Supervising is not the same as surveilling. Overseeing someone’s work, even to the point of micromanaging is not the same as surveillance. I recently spoke with a peer who shared that a supervisor’s spouse was driving by an employee’s home on a regular basis. This employee has been working from home due to COVID and their organization’s requirements. The spouse would then report back on whether or not the employee was actually working! This type of surveillance is quite an overreach! If the trust between a business leader and their report has eroded to this point, there are likely bigger concerns that should be addressed more appropriately.

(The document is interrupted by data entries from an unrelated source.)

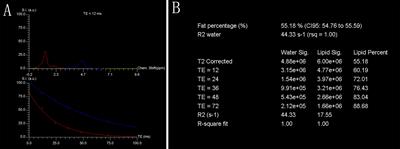 Associations Between Vertebral Marrow Proton Density Fat Fraction and Risk of Prostate Cancer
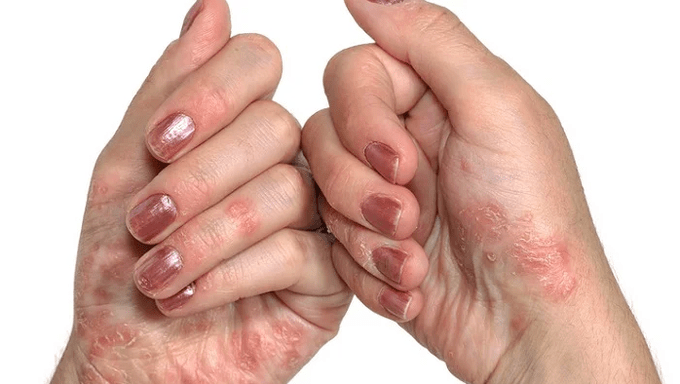 initial Etapp vun der Psoriasis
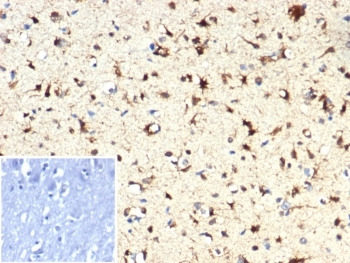 IHC staining of FFPE human brain tissue with IDH1-R132H mutation with IDH1-R132H antibody (clone IDH1.R132H/7328R). Inset: PBS used in place of primary Ab (secondary Ab negative control). HIER: boil tissue sections in pH 9 10mM Tris with 1mM EDTA for 20 min and allow to cool before testing.~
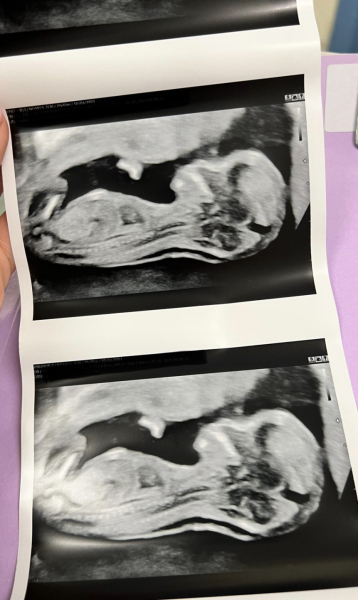 TWW - Testing Around 1st March 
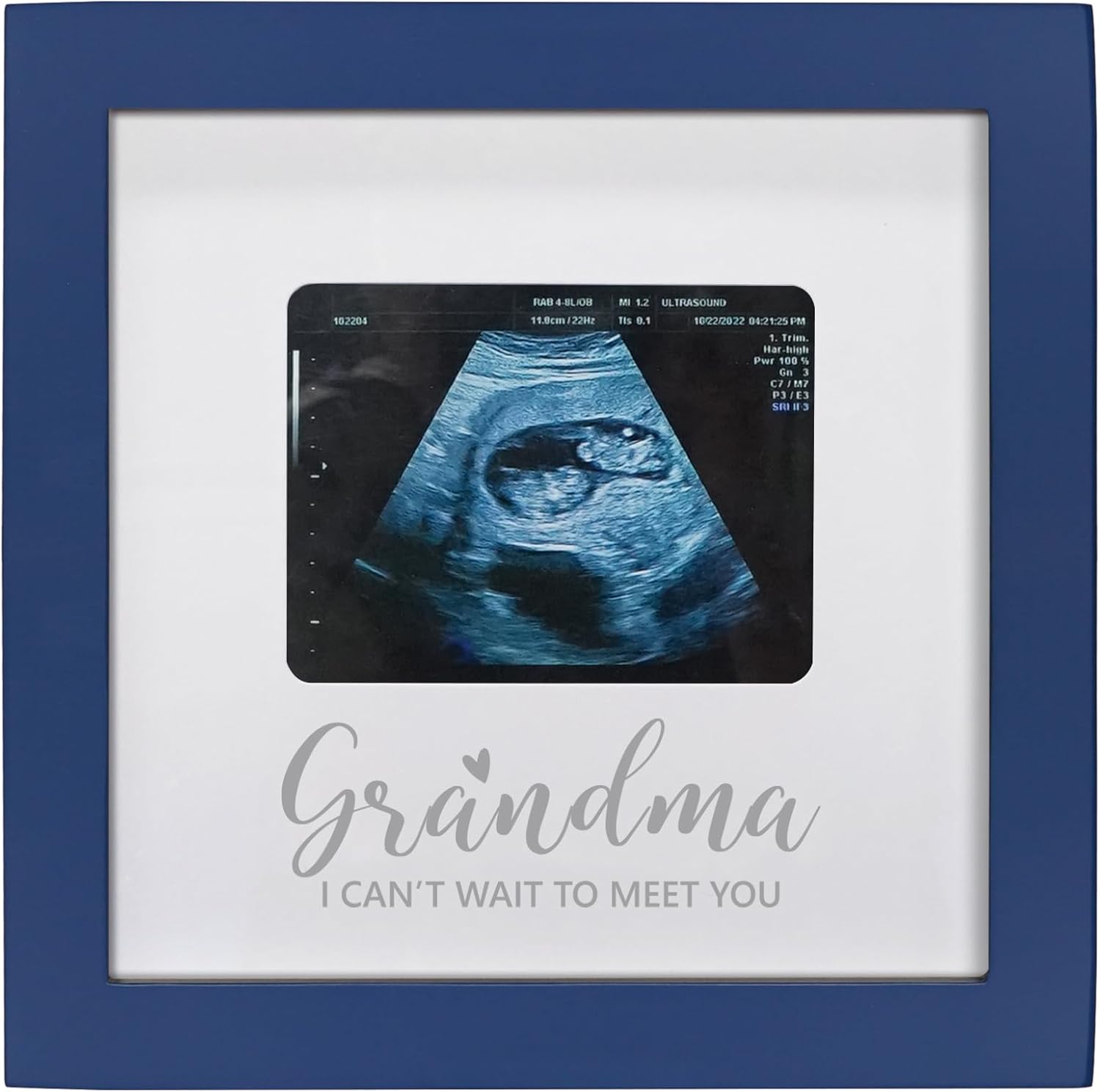 Sonogram Picture Frame for Grandma Blue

Psychological safety is a key component of a healthy work environment. Threatening, interrogating, punishing, and surveilling is not in line with that.

PRO Tips – Get There with You style when working with a Union

Moira shared –“What worked best for me was to kill them with kindness. Promptly respond to every issue and loop them in on stuff they should know. I would invite them to any discipline meeting that was likely to get grieved. It was easier than playing the game of letting the employee demand representation and then having to reschedule. And, like everything else, document, document, document.”

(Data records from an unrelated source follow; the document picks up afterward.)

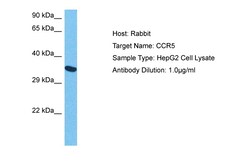 Aviva Systems Biology Corp CCR5 Antibody - middle region (ARP30788_P050)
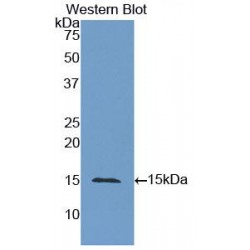 Carcinoembryonic Antigen-Related Cell Adhesion Molecule 5 (CEACAM5) Antibody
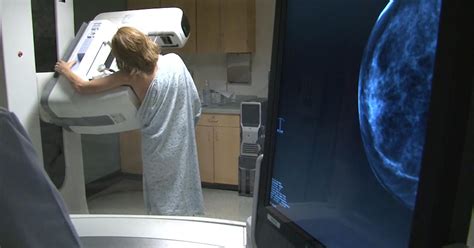 Diagnostic Mammograms Detect More Breast Cancers But Also Result In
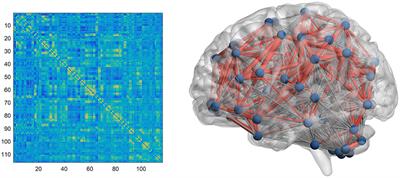 Abnormal Brain Network Topology During Non–rapid Eye Movement Sleep and Its Correlation With Cognitive Behavioral Abnormalities in Narcolepsy Type 1
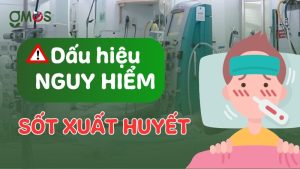 Dấu hiệu của bệnh sốt xuất huyết
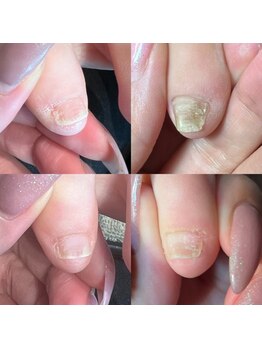 キュア(Cure.)/足の小指の形も美しく整う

Susan shared - “Having five in-house employee associations essentially means five collective bargaining agreements. Because they are in-house unions, we negotiate with our own employees rather than national union negotiators. You're sitting across the table from someone you see every day! I believe in interest-based bargaining - essential the win-win negotiation. We spend a lot of time discussing situations and why the association is asking for each concession. Many times it's because of something managers are doing. Sometimes we'll agree to a concession (schedule change premium of 2x hourly rate for changing schedule less than a week in advance) but we can avoid paying it because managers ensure they are making changes timely and before the premium (penalty) kicks in. Working together and explaining the "whys" and "hows" makes negotiating much easier and less contentious. Knowing you'll see the person across the table from you every day makes one realize the importance of civility.”

What tips do you have for exceptional employee relations?